Data in this exercise:
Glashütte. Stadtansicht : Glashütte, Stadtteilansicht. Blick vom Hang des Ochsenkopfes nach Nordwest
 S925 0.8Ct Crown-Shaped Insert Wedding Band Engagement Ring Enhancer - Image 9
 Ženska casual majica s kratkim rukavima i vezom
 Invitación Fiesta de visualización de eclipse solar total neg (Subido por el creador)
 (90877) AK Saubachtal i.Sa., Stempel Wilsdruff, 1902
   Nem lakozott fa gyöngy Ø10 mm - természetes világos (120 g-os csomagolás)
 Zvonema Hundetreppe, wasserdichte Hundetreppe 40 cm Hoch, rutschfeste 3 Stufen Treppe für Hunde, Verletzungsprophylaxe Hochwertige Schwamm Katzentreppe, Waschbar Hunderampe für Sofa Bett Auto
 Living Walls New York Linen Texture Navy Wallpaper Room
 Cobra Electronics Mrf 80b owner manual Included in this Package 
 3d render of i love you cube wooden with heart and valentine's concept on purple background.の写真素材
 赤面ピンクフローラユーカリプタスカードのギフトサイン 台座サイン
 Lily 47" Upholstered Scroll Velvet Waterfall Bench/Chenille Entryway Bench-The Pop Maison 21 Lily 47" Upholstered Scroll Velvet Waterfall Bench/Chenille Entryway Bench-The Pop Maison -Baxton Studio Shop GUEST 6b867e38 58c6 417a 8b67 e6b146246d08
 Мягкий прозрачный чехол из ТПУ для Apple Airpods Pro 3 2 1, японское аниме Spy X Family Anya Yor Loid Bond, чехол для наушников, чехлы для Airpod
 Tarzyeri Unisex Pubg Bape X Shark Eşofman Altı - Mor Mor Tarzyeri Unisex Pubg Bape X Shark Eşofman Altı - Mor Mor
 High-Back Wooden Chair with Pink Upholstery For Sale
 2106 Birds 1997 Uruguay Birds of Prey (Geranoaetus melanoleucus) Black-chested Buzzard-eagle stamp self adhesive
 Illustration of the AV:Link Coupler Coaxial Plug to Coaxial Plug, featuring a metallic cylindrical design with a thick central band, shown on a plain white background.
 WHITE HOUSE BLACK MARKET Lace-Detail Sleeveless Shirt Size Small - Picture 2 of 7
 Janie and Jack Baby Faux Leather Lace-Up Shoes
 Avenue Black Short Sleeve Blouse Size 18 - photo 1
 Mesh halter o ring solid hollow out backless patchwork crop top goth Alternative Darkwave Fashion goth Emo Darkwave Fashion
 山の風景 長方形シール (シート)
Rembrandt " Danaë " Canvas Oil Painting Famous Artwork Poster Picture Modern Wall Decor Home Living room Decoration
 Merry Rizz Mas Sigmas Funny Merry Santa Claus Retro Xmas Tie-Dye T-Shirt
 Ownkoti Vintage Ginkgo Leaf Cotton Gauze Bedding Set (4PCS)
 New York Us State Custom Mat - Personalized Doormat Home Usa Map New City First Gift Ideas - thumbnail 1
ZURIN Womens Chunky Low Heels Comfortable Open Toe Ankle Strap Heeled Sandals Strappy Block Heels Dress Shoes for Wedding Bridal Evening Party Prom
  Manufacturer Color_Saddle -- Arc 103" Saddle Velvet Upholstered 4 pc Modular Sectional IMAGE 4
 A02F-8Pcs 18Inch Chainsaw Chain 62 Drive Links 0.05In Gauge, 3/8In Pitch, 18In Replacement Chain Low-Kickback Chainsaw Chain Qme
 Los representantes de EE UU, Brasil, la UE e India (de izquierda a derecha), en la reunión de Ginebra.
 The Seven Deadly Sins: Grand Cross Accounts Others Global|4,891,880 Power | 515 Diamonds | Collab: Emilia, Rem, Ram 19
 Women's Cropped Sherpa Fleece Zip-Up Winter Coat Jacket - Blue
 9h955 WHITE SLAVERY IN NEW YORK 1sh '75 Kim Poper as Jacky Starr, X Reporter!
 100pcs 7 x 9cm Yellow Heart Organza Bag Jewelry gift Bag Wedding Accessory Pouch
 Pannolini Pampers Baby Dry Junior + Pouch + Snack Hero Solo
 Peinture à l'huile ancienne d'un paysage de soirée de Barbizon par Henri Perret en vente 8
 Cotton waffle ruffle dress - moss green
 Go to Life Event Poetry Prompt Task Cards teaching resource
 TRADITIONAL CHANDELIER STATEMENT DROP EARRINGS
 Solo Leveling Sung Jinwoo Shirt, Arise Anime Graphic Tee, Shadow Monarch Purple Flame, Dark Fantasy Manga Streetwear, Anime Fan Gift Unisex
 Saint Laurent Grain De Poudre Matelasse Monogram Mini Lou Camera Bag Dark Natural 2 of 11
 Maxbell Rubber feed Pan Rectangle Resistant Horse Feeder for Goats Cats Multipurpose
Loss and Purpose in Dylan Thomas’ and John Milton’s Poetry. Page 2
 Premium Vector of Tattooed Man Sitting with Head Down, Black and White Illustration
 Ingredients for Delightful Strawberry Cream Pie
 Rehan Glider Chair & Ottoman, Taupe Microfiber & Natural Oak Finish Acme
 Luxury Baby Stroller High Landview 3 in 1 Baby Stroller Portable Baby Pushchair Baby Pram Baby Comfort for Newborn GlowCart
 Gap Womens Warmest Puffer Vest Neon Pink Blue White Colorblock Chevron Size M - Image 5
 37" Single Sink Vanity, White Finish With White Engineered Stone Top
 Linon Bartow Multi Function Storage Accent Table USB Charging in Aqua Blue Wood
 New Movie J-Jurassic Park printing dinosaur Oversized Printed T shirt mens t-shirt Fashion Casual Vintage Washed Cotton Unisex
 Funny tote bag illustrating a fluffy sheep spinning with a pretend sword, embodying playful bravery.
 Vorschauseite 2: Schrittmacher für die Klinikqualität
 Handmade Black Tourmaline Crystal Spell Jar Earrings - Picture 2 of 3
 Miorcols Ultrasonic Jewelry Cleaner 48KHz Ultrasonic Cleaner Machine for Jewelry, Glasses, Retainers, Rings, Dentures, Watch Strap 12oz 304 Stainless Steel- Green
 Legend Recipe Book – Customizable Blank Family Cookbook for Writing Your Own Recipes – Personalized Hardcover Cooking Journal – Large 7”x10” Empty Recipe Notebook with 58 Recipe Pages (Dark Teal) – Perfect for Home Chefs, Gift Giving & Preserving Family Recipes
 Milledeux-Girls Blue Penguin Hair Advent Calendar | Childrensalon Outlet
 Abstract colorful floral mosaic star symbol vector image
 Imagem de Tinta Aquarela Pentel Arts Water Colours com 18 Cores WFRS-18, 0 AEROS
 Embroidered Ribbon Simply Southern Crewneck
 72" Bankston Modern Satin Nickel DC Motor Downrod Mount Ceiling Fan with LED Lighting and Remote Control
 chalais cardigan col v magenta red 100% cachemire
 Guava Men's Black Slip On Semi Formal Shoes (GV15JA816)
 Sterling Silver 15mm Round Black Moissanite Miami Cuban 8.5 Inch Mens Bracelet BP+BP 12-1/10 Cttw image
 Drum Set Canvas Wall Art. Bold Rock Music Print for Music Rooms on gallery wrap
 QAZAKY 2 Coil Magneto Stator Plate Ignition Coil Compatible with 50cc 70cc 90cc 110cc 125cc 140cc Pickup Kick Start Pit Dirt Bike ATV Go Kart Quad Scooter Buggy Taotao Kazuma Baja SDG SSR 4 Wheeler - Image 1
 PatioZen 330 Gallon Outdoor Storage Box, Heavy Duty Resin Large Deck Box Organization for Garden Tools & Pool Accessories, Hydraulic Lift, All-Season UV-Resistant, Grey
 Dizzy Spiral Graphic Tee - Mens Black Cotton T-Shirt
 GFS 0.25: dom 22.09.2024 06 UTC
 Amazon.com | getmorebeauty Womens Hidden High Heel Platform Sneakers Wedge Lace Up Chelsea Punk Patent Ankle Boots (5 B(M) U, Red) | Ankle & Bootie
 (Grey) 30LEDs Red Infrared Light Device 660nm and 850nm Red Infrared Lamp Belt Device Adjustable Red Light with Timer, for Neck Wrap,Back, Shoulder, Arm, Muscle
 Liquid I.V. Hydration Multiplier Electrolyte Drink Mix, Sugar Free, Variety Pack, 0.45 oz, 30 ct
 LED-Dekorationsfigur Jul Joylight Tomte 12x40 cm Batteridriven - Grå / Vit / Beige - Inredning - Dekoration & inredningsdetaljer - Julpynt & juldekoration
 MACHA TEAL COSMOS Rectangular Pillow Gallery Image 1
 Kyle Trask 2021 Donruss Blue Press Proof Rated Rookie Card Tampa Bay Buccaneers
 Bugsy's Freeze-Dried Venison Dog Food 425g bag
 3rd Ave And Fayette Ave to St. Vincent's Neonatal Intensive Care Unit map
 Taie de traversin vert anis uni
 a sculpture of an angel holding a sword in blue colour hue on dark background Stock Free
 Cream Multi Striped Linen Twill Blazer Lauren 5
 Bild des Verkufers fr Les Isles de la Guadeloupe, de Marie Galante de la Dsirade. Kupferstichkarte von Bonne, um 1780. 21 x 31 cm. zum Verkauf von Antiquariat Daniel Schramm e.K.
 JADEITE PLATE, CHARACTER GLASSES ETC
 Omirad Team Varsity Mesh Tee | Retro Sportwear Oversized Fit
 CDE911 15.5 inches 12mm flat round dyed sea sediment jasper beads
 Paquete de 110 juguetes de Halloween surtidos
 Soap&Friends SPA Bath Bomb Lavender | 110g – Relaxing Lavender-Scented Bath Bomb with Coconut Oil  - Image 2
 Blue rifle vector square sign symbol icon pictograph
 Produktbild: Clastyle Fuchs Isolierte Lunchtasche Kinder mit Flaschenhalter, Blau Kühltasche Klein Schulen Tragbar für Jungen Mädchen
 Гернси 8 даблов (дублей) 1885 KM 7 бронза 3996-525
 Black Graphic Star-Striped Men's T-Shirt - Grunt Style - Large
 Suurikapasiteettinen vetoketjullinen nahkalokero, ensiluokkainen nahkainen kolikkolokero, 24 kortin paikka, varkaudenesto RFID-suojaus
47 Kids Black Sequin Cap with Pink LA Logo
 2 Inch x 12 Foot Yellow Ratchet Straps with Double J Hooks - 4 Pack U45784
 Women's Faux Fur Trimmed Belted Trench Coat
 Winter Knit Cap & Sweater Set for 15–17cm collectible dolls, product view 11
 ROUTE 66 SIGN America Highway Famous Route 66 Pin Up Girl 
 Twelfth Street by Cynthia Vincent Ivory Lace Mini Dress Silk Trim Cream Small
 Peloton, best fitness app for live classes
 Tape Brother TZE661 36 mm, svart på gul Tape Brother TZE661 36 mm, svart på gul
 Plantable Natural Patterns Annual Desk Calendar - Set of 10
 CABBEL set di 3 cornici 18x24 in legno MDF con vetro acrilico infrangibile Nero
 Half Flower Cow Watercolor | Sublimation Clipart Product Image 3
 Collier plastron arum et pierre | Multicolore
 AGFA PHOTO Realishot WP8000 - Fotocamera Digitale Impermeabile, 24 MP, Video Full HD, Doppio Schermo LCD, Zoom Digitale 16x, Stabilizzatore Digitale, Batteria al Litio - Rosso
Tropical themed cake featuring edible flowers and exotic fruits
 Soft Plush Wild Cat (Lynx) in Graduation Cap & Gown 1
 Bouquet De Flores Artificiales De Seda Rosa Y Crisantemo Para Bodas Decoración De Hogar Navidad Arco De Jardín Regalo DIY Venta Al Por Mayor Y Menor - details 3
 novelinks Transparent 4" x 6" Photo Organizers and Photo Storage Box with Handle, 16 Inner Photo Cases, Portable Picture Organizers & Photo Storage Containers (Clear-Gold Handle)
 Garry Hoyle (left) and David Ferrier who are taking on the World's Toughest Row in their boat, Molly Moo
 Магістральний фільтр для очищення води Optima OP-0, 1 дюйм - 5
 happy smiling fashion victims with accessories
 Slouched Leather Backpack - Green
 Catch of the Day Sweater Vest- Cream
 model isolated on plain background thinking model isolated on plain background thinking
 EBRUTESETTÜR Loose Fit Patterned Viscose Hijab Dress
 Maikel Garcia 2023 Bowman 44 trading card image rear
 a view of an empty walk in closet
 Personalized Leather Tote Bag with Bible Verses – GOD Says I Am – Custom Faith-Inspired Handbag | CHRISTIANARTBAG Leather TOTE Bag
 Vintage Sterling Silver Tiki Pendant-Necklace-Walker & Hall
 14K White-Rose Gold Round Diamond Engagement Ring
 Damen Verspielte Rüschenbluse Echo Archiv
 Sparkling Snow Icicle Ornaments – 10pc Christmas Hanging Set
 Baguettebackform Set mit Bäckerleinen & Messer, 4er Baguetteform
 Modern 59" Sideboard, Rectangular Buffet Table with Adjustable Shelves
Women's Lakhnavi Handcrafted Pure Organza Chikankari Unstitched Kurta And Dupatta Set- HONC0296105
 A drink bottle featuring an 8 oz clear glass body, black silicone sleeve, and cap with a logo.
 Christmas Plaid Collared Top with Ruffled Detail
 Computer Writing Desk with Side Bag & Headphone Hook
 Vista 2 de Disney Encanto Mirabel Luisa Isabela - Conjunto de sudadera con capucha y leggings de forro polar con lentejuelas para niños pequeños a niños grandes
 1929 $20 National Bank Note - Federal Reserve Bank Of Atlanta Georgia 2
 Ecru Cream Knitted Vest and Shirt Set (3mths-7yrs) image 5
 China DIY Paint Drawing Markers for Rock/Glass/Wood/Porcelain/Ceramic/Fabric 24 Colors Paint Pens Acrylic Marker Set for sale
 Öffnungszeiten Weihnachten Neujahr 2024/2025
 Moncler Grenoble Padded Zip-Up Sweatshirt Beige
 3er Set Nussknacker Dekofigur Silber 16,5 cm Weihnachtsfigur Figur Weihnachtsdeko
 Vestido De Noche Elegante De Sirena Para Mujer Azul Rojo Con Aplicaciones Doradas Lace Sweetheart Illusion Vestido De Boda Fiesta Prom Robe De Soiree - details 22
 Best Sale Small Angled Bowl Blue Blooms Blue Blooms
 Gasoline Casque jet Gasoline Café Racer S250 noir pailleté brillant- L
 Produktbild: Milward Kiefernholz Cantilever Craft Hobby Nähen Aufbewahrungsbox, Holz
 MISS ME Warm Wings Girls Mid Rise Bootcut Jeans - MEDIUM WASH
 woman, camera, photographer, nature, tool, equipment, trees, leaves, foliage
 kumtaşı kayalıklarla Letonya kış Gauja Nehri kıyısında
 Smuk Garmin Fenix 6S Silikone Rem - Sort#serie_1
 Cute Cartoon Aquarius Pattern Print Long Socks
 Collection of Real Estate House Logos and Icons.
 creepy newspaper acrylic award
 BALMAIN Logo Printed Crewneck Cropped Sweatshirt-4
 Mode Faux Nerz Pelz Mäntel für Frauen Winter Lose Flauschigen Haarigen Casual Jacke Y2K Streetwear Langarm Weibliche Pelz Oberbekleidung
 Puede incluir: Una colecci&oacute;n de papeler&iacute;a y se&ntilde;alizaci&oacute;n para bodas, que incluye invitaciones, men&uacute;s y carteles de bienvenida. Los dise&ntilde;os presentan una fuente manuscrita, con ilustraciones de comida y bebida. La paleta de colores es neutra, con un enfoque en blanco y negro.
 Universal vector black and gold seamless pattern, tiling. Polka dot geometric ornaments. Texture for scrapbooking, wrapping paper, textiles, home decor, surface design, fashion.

Problem requirements:
Take the entries above and return only the lines from the one with "Merry Rizz Mas" to the one with "New York Us", both included, unchanged.

Response to this exercise:
 Merry Rizz Mas Sigmas Funny Merry Santa Claus Retro Xmas Tie-Dye T-Shirt
 Ownkoti Vintage Ginkgo Leaf Cotton Gauze Bedding Set (4PCS)
 New York Us State Custom Mat - Personalized Doormat Home Usa Map New City First Gift Ideas - thumbnail 1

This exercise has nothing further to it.